Ideally the AUV would navigate a predetermined path and then when it reached it's 'destination' it would try it's best to stay in that position.

Ultimately, I'd like to incorporate the following for navigation.
-Ultrasound transceiver on the front face of the AUV, to gauge distance from 'target'.
-Pressure Sensor / Barometer - to gauge depth.
I realise this would only give position in 2 directions, but sticking to the idea that this is on the sea bed, that's a realistic assumption.

For stability, I'd like to use a 6 Axis Accelerometer. I had a look online, and I was wondering if something like this would be suitable for use with the PICAXE:
http://www.robotshop.com/sfe-6dof-razor-ultra-thin-imu-triple-axis-3g-accelerometer.html

Having had a quick read on a few threads on the forum, am I right that the correct way to actuate a response from an accelerometer is in integrating the acceleration twice to get the displacement, and actuating an appropriate response to counter this?

For actuation, I was thinking these bilge pumps would be ideal:
http://www.force4.co.uk/842/Rule--1100-Submersible-Bilge-Pump.html
Given they are waterproof already, can be manipulated fairely easily, and are fully reversible.

To sum up, I suppose I'm hoping for some general advice. Does this seem feasible using a Picaxe microcontroller?

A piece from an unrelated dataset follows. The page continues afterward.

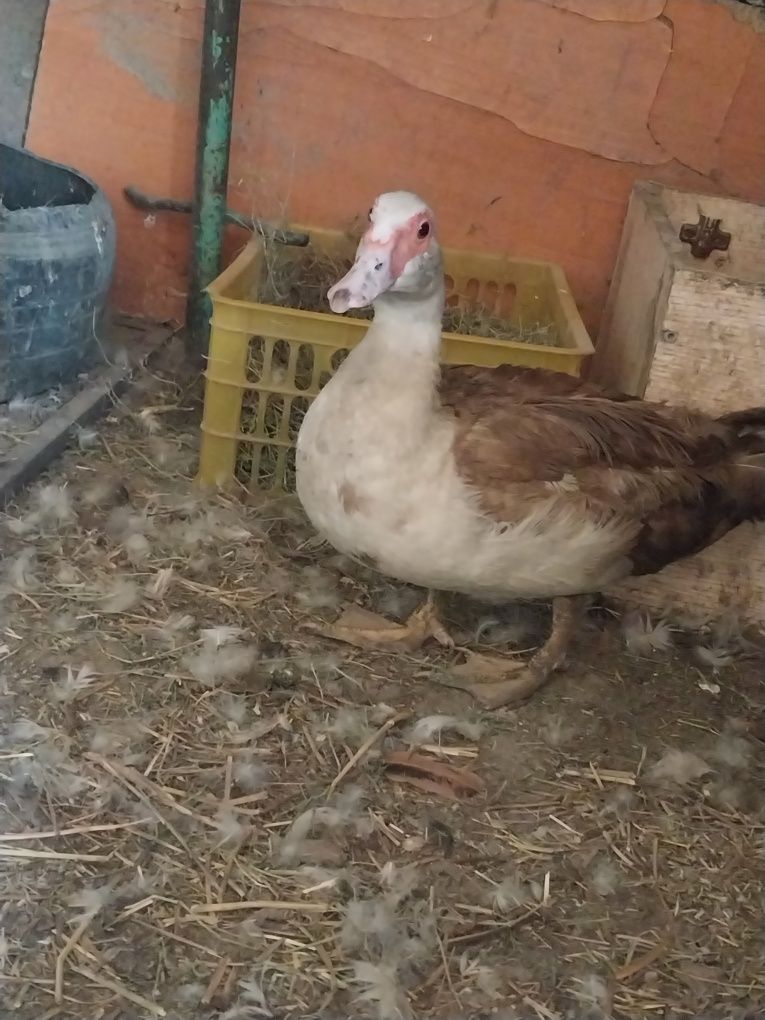 Продам индоутку.
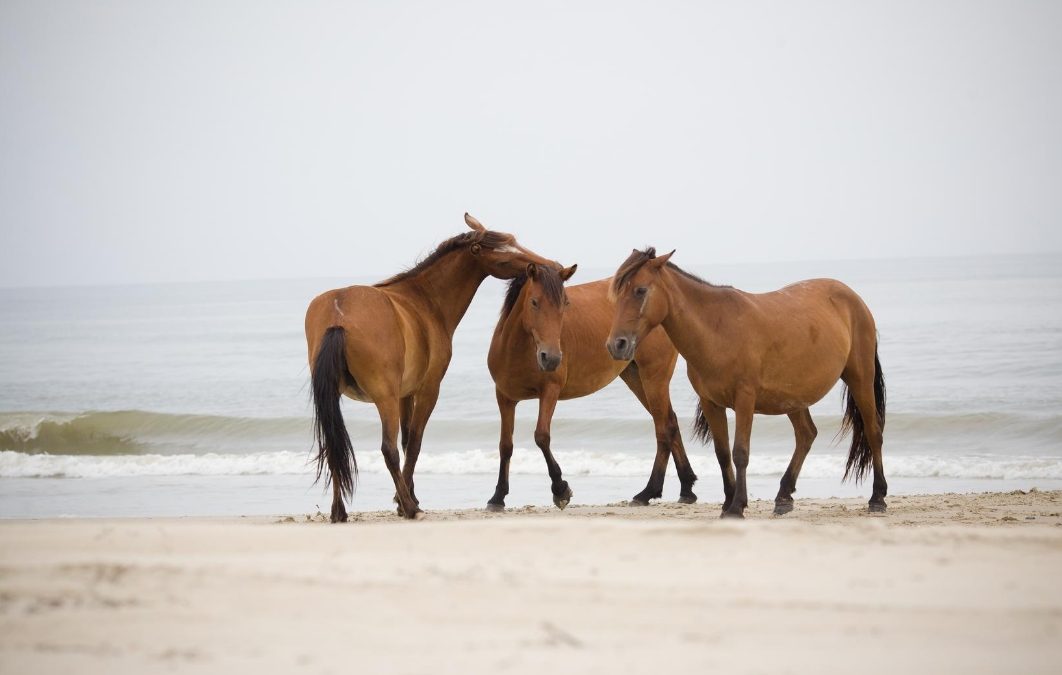 Meeting the Horse in its World: Natural Horse Language vs. Conditioning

I've bought myself a 18M2 started kit (not for this project - for myself) and a bunch of LEDs / Resistors to have a play around with so hopefully in a week or two I'll be up and running and will be asking some more technical questions!

Cheers,

Brian.

BrIDo said:

Hello folks,

Sorry about the long post!

For stability, I'd like to use a 6 Axis Accelerometer. I had a look online, and I was wondering if something like this would be suitable for use with the PICAXE:
http://www.robotshop.com/sfe-6dof-razor-ultra-thin-imu-triple-axis-3g-accelerometer.html

Brian.

Click to expand...

I think a picAxe might not have the computer horsepower you will need. You will probably need floating point which is not the picAxe strong suit. Check out SparkFun, they have a lot of stuff on accelerometers and magnetometers.

Actually there is a really good book that might help you.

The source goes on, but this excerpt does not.